- INSTRUCTIONS TO FOLLOW -
Start at the line with "Hej säljer mina" in the records below, stop at the line with "Building Photo - 303 Willow Springs", and return every line in that span exactly, the two end lines included.

- SUPPLIED INFORMATION -
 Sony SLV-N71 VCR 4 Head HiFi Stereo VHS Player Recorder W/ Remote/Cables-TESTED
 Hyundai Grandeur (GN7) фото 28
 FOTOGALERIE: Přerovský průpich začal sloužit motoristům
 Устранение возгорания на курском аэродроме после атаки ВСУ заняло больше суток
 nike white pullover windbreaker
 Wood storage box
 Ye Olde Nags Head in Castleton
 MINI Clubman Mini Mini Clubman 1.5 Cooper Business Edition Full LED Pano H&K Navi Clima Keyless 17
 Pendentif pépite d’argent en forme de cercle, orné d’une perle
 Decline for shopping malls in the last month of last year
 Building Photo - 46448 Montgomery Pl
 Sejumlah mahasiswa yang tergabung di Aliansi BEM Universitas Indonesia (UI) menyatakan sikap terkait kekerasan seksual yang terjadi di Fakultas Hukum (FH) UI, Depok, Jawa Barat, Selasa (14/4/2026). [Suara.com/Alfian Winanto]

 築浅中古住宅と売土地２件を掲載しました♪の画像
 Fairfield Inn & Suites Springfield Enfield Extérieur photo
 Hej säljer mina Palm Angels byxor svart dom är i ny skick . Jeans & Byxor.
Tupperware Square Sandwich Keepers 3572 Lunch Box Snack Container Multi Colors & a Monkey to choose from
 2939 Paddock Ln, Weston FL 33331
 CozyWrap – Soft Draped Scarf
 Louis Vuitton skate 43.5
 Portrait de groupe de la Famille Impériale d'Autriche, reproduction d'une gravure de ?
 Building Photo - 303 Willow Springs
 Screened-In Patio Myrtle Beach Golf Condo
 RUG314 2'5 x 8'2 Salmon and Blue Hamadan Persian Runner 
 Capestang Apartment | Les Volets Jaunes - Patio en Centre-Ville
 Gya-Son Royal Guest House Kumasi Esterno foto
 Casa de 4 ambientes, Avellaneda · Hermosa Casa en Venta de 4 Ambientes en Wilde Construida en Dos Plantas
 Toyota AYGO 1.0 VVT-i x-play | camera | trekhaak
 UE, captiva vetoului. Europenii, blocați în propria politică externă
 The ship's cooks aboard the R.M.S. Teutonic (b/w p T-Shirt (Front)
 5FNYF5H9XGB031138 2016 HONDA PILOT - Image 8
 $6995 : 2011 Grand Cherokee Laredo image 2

- REPLY -
 Hej säljer mina Palm Angels byxor svart dom är i ny skick . Jeans & Byxor.
Tupperware Square Sandwich Keepers 3572 Lunch Box Snack Container Multi Colors & a Monkey to choose from
 2939 Paddock Ln, Weston FL 33331
 CozyWrap – Soft Draped Scarf
 Louis Vuitton skate 43.5
 Portrait de groupe de la Famille Impériale d'Autriche, reproduction d'une gravure de ?
 Building Photo - 303 Willow Springs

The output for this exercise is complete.